Adultos llamados a la adolescencia

Gonzalo Rojas Sánchez | Sección: Política, Sociedad

El segundo lugar común ampliamente repetido por diversos políticos, comunicadores y dirigentes sociales, es que “los adultos tenemos el derecho de hacer lo que nos dé la gana con nuestras vidas, siempre que no afectemos a los demás”.

¡Qué bien suena y… qué mal pensado está!

 

Veamos

Toda la tarea educativa que se realiza con los niños y adolescentes consiste en ayudarlos a despojarse de sus caprichos, mañas y egoísmos. Hannah Arendt lo dijo magníficamente: la humanidad educa para protegerse de las nuevas generaciones que, dejadas a su suerte, podrían devastarla.

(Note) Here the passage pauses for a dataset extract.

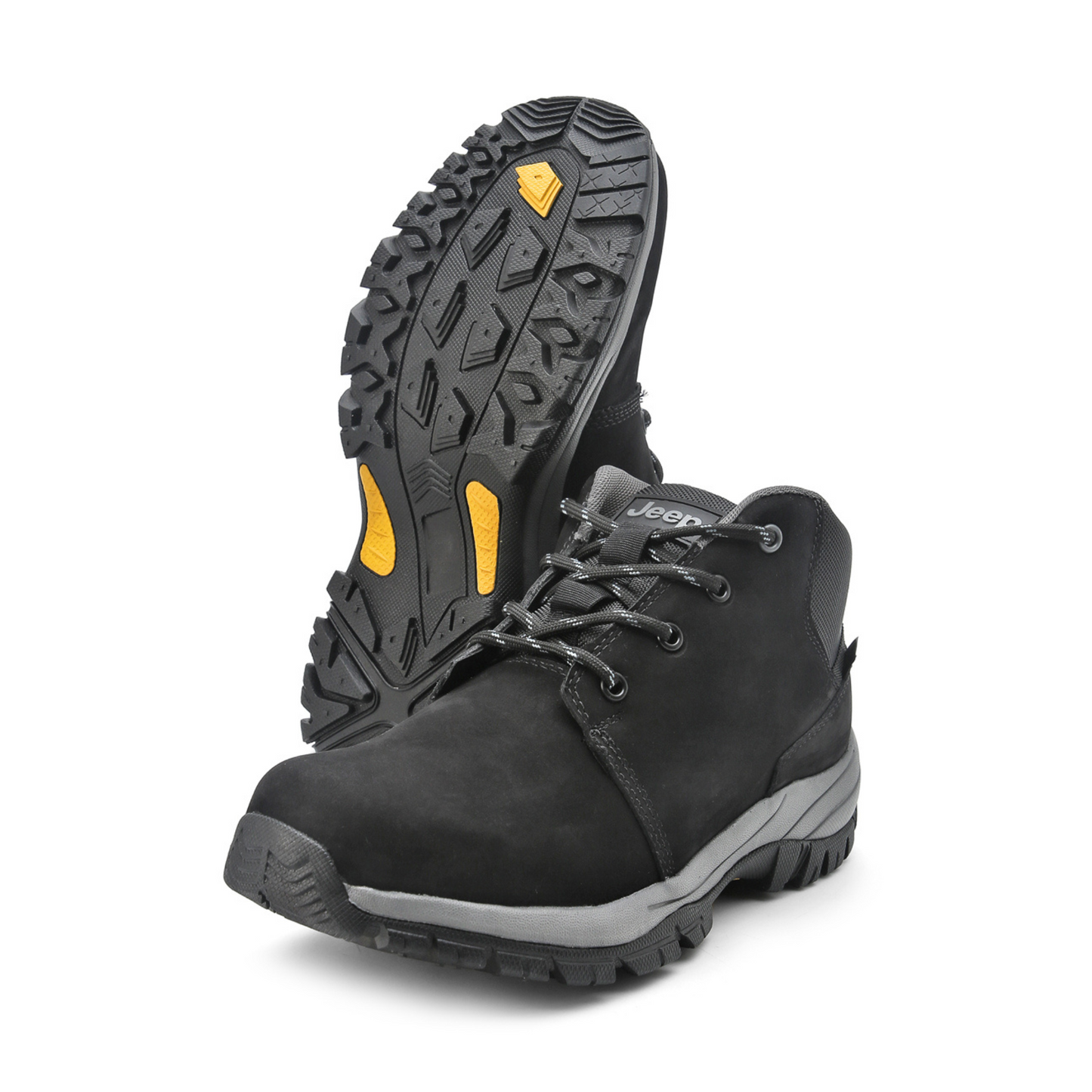 Botas Jeep Walker Hombre | Outdoor Adventure Colombia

O sea, si quieres madurar, combate tu egoísmo.

Pero, llegado el momento en que se habría conseguido el objetivo, la etapa de la vida –digamos, entre los 30 y los 60– en que gracias a la educación recibida la persona está logrando combatir razonablemente contra sus malas tendencias, comienza a oír justamente el mensaje contrario: “Da rienda suelta a todo lo infantil y adolescente que aún queda en ti…”.

O sea, el mismo que ahora ya está en etapa de formar a los más jóvenes enseñándoles el autodominio, recibe autorización para dejarse llevar por cualquier tendencia. ¿Cómo podría coexistir esa doble condición sin que, primero, los niños y adolescentes descubran fácilmente la inconsecuencia y, segundo, sin que el mismo adulto quede fracturado por dentro?

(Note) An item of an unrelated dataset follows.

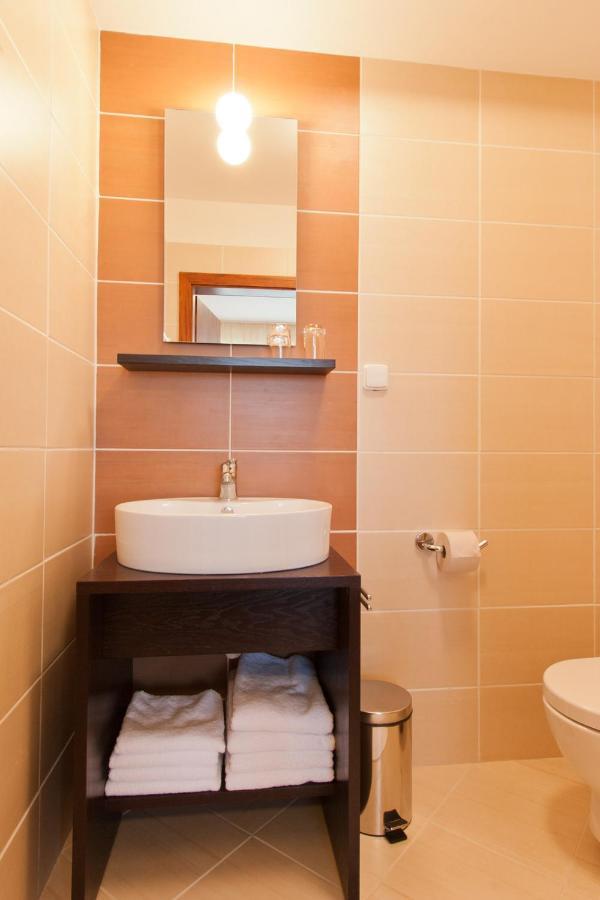 Penzion Ravence Liptovský Trnovec Quarto foto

Bien, podría contra argumentar alguien: “Pero no se olvide que la condición es que la acciones autorizadas ‘no afecten a los demás’.”

¿Existe algo así, existe algún pensamiento, algún gesto, algún movimiento corporal, que no tenga efecto social inmediato o retardado? No. Después de los 40 años, se dice, toda persona es responsable de su cara.

Justamente la condición de adulto es la de la persona que entiende que todos sus actos tienen consecuencias. Ha acumulado experiencias múltiples al respecto y sabe por dentro que el sentido de su madurez consiste precisamente en comunicarlas, tanto en sus buenas como en sus malas dimensiones. “Mira. Yo te voy a contar lo que me pasó en un caso parecido al tuyo”, le dirá al adolescente. El sentido de plenitud y posterior decadencia que el adulto experimenta, lo lleva –aunque sea por diversos motivos en esas dos situaciones– a la misma conclusión: “Debo responder de mis actos, de todos ellos, aún de los más íntimos”.

La madurez es justamente la capacidad de responder. Animar a los adultos a aislar zonas de su vida en las que supuestamente podrían ser no responsables, es devolverlos a una condición adolescente, a un juego sin fin. Nada extraño en un mundo que presenta la principal característica de la adolescencia: el egoísmo elevado a la categoría de derecho.

Existe la obligación de preguntarse. ¿Quienes promueven esta falacia, son unos adultos bien conscientes de la eficacia manipuladora que tiene la frasecita o son simplemente unos adolescentes más, revestidos de una aparente madurez, pero en realidad portadores de una fatua existencia?